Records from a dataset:

* * * * *

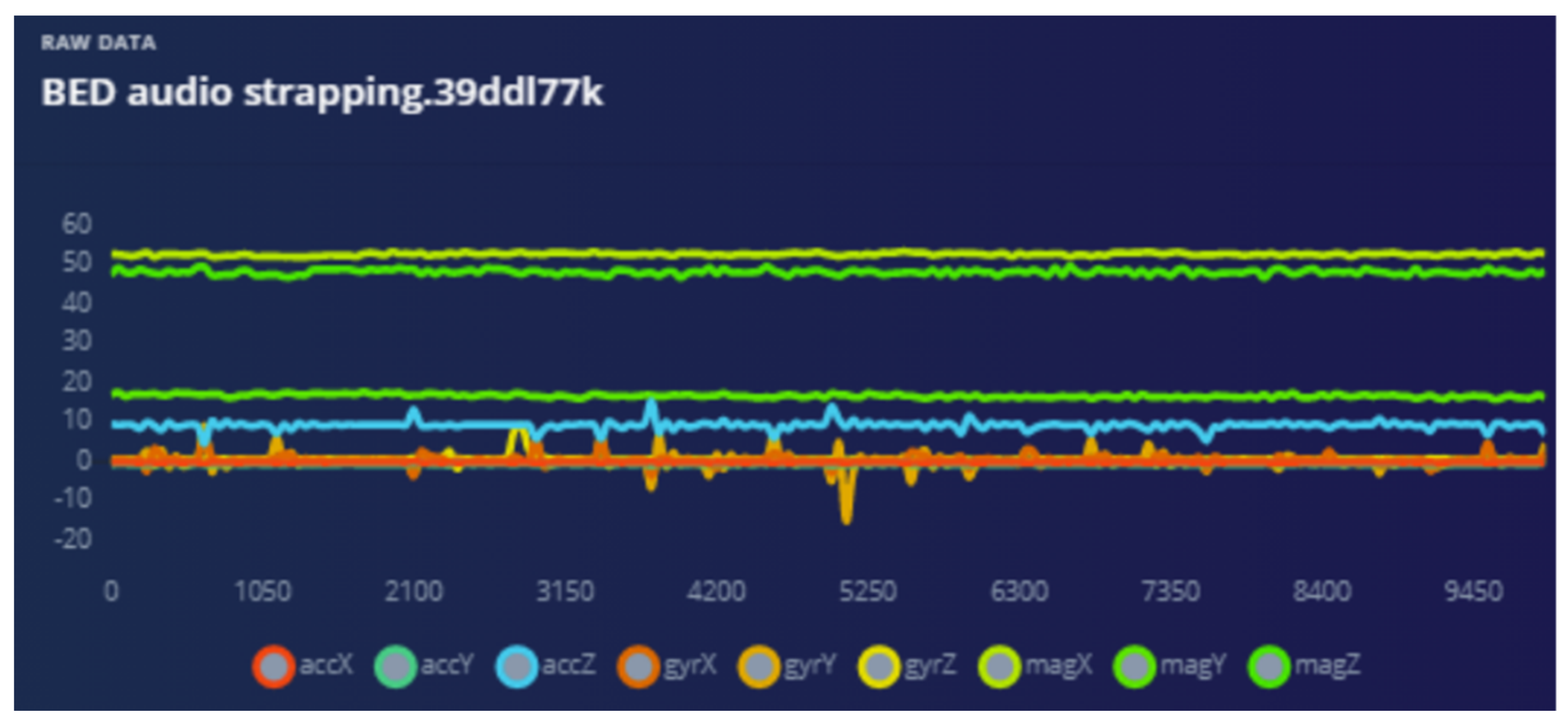 Sensors 22 08143 g022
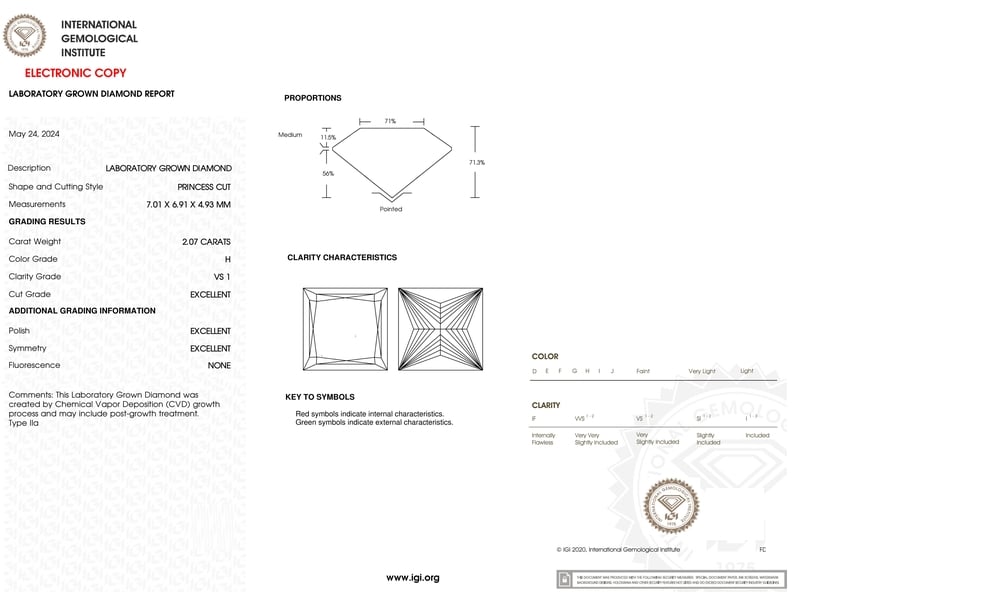 cert image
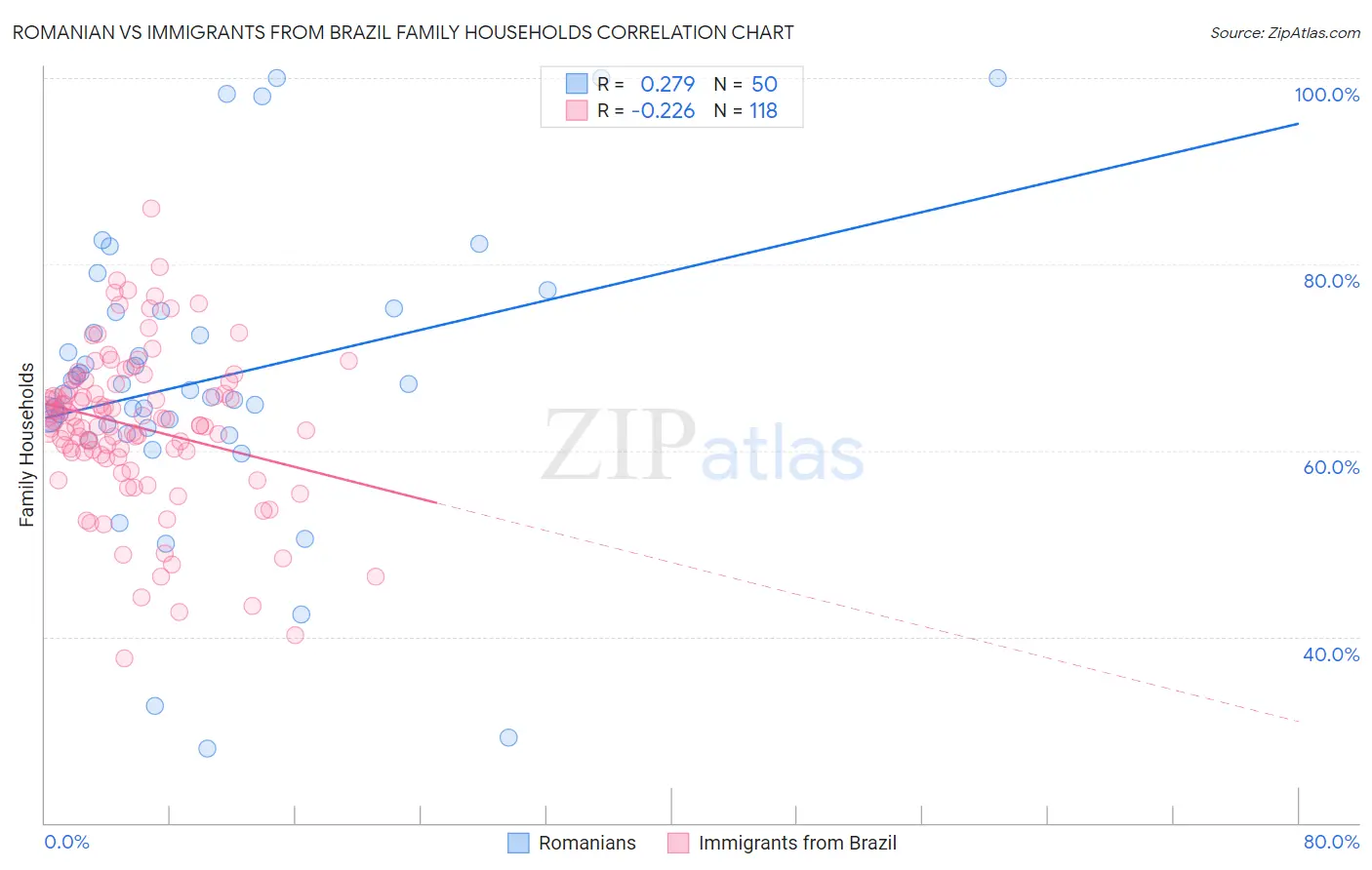 Romanian vs Immigrants from Brazil Family Households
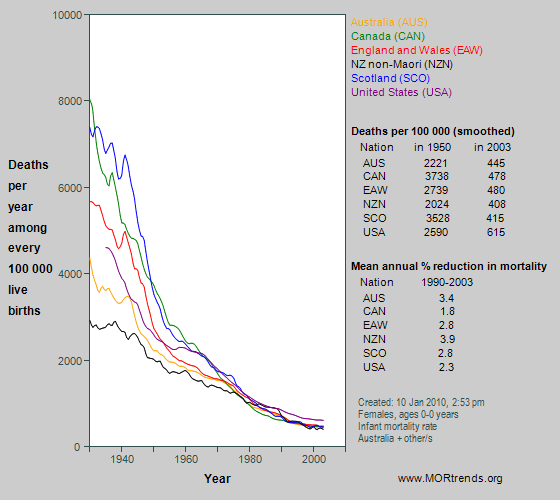 Graph showing all-cause mortality at age < 1 year in Anglophone nations, since 1930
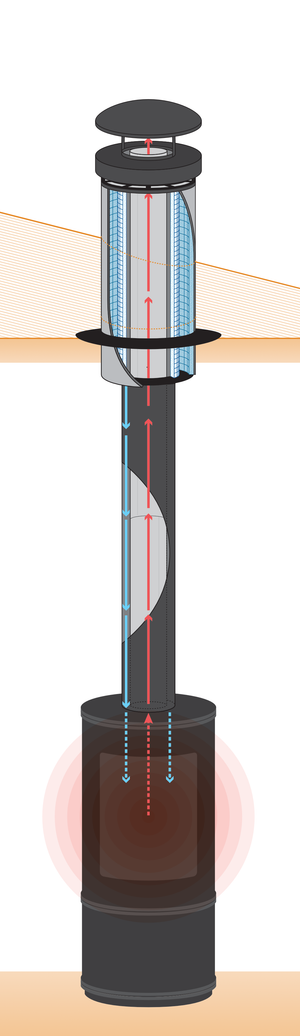 VisionLINE pellet flue vertical installation system diagram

* * * * *

> [What is expected]
Only the pictures stay out; the rest of the entries above must be written out exactly.

> [Completed exercise]
 Sensors 22 08143 g022
 cert image
 Romanian vs Immigrants from Brazil Family Households
 Graph showing all-cause mortality at age < 1 year in Anglophone nations, since 1930
 VisionLINE pellet flue vertical installation system diagram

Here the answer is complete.